So, if like me, you reject pre-Adamite men, you should reject Familia Caritatis, an Anabaptist sect founded by Henry Nicholis.

You should also reject Giordano Bruno, a man known as being burned for Heliocentrism — but in reality as this example shows, there was much more to it.

While technically Galileo did not promote Little Green Men, let alone pre-Adamites on earth, Giordano Bruno and Kepler had already set the tone for accepting the certitude to hypothesis of extraterrestrials as popular evidence for Heliocentrism — in the sense that any extra-terrestrial on his own planet would consider his own planet as the centre of the universe with "as much apparent" and ultimately "as little real" ground as we naturally (and reasonably, as long as you don't bring in extraterrestrials) tend to suppose Earth to be so.

I say this was a popular argument. Euler in his Letters to a German Princess instructed her that Newton, a very great physicist, had proven Earth had to orbit the Sun, not the reverse, but he didn't get into details. However, an argument which he did give on her supposed level of understanding was little green men. As I screenshotted and sourced here:

Euler als "Astronom"
https://aufdeutschaufantimodernism.blogspot.com/2017/12/euler-als-astronom.html


This being from letters 58 and 59 to the princess. As far as I can tell from later history, Friederike Charlotte of Brandenburg-Schwedt as well as other members of the Prussian high nobility and princes did believe Euler. And her own impression of his teaching was not the only decisive influence he had:

Friederike Charlotte was partly educated in Prussia, together with her sister Louise. Between 1760 and 1762, the mathematician Leonhard Euler sent her numerous letters in French about mathematical and philosophical subjects. These letters were published between 1769 and 1773 under the title "Letters to a German Princess" and were printed in Leipzig and St. Petersburg. The French edition alone enjoyed 12 printings. It was the Age of Enlightenment and Euler tried to explain physical issues and in particular their philosophical background in a generally understandable manner.
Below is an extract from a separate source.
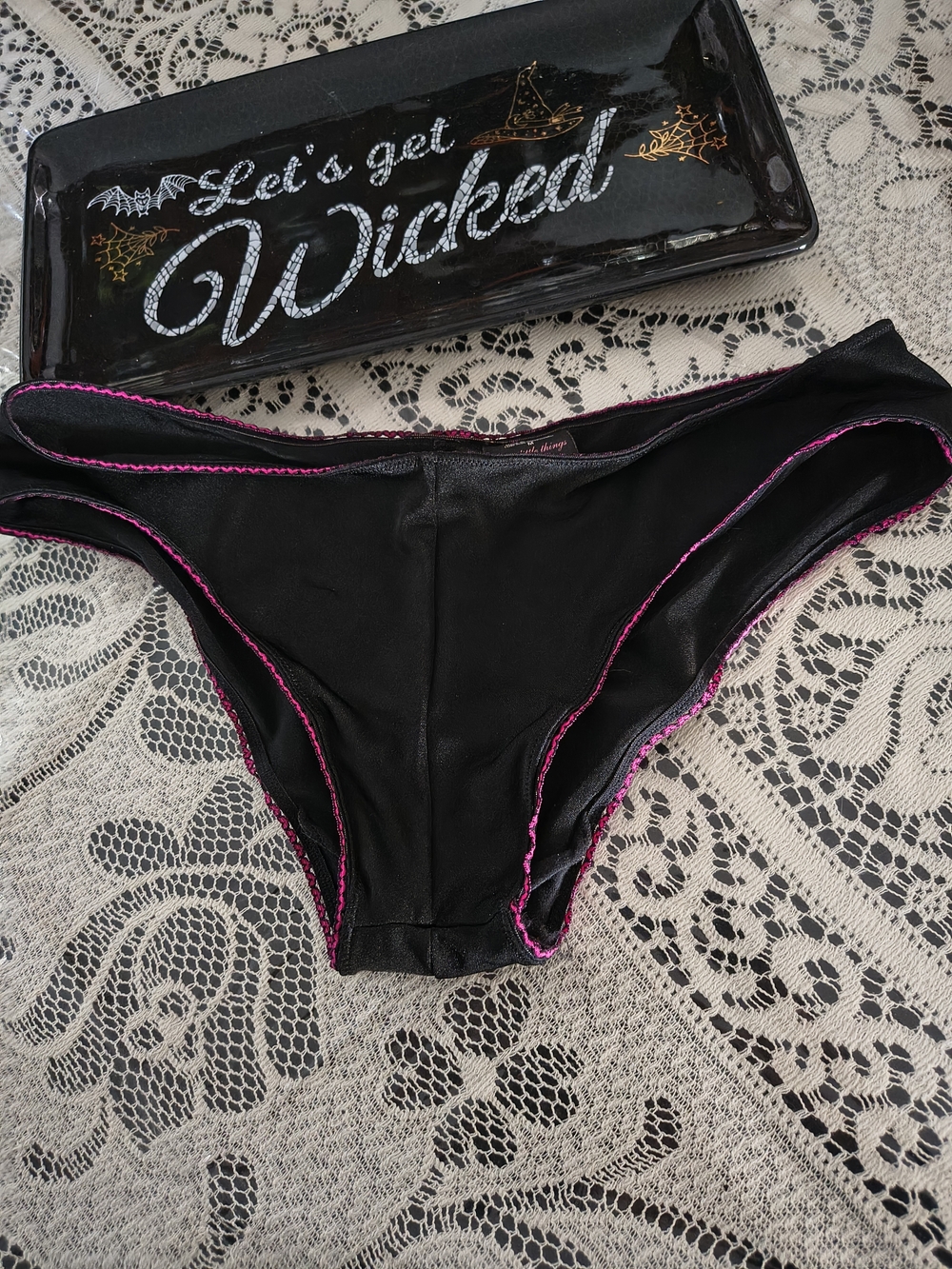 Y2K Victoria's Secret Black Pink Bikini Panty Coquette Sexy Intimate Lingerie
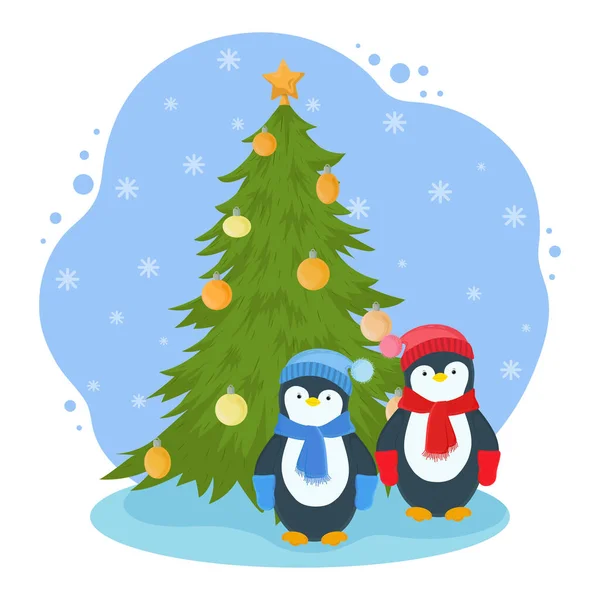 新年の漫画のイラスト 2羽のペンギンとボールを持つクリスマスツリーと面白いシーン — ストックベクタ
Euler may have been employed as her teacher.


In other words, we don't know if they met, we do know that she was receiving epistolary instruction from him, and that the letters were widely spread outside this original context.

So, the tendency was, in the centuries that saw the social triumph of Heliocentrism, to downplay (at least to some readers) the mathematical proofs in favour of speculations about Little Green Men.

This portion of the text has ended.